Member of the Ohio House of Representatives from the 11th district
- In office January 3, 2015 – January 2, 2022
- Preceded by: Sandra Williams
- Succeeded by: Shayla Davis

Personal details
- Born: August 21, 1979 (age 46)
- Party: Democratic
- Relations: Annie L. Key (mother)
- Education: Florida A&M University (BS) Cleveland State University (MS)

= Stephanie Howse =

American politician (born 1979)

Stephanie D. Howse (born August 21, 1979) is an American politician serving as a member of the Cleveland City Council from the 7th ward. She was previously a member of the Ohio House of Representatives from 2015 to 2022.

== Early life and education ==
Howse was raised in Cleveland, and is the daughter of former Representative Annie L. Key. Howse is a graduate of the Cleveland School of the Arts, where she studied vocal and instrumental music.
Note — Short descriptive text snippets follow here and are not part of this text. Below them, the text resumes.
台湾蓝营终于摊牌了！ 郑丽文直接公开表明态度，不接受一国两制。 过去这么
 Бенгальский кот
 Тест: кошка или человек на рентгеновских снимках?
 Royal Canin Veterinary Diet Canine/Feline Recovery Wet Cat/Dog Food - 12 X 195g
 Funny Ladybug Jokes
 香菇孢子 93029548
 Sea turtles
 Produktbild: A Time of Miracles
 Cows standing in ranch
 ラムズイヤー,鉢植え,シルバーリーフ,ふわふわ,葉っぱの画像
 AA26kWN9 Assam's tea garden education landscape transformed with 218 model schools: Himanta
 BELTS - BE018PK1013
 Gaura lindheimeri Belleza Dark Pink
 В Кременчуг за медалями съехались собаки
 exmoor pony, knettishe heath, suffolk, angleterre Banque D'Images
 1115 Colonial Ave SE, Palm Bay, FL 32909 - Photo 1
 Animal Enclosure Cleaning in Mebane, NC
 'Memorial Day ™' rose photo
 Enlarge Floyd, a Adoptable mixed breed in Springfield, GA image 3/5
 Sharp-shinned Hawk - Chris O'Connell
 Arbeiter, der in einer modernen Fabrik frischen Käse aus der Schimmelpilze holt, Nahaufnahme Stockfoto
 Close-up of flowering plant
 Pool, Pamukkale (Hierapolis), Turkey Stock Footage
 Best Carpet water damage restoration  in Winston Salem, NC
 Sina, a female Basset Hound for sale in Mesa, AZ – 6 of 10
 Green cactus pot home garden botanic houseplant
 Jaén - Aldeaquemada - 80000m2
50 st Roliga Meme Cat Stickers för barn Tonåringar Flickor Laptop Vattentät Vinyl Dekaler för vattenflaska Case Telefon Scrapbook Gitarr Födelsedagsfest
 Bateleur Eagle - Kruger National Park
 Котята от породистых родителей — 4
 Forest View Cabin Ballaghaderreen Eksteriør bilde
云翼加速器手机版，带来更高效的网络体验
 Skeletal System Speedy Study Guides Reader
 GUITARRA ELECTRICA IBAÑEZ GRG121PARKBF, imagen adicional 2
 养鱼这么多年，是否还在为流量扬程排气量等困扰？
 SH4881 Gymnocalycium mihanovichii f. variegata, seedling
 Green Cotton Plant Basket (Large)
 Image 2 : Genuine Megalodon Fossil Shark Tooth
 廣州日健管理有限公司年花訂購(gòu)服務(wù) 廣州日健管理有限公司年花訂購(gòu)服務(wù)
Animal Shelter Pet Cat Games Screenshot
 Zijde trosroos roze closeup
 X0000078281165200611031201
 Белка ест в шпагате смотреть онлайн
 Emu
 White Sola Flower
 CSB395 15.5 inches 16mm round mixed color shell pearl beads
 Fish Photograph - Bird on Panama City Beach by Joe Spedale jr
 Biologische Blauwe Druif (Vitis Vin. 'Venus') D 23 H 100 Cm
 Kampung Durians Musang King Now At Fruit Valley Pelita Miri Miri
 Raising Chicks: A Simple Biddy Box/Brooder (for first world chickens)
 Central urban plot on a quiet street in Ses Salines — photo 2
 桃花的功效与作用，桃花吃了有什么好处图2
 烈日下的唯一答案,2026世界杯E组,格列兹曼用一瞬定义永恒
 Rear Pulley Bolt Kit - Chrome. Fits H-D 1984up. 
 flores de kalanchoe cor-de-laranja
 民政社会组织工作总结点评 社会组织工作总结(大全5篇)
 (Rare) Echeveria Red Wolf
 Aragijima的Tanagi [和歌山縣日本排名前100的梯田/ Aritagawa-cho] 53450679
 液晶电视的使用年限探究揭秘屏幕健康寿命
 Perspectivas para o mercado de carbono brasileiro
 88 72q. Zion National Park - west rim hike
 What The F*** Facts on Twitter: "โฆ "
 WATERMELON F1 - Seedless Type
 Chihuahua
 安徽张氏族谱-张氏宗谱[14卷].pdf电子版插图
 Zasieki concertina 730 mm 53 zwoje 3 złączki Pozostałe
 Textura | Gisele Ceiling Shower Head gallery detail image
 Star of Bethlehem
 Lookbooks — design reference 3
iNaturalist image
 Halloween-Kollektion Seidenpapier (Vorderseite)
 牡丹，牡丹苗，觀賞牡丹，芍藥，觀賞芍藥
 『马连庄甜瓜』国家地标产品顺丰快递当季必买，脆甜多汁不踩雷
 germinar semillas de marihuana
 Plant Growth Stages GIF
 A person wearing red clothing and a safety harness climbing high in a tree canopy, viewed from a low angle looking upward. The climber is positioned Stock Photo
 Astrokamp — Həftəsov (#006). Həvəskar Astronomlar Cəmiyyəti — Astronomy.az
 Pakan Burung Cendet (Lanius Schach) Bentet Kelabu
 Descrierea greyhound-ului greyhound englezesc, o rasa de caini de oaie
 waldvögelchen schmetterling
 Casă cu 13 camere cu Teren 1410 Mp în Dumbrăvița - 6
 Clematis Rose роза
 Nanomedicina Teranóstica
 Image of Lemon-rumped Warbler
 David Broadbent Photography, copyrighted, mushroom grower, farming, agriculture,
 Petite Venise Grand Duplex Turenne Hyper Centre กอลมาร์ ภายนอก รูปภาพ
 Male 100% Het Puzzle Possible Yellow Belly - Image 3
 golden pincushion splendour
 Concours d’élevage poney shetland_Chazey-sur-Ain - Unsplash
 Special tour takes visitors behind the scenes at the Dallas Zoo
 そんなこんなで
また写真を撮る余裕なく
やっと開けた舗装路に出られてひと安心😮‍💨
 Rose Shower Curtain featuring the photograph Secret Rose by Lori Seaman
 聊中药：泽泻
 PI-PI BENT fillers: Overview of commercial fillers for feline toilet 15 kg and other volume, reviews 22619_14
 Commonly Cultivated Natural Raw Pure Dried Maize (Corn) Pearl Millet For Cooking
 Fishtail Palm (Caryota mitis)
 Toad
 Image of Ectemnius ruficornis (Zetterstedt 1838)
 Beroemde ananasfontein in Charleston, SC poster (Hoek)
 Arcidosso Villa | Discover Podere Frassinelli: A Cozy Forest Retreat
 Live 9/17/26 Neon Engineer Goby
After high school, Howse earned a Bachelor of Science degree in civil and environmental engineering from Florida A&M University and a Master of Science in environmental studies from Cleveland State University.

== Career ==
Howse briefly served as a member of the Cleveland City Council in 2008. From 2015 to 2022, she represented the 11th district of the Ohio House of Representatives. In 2021, Howse was elected to the Cleveland City Council and resigned from the House.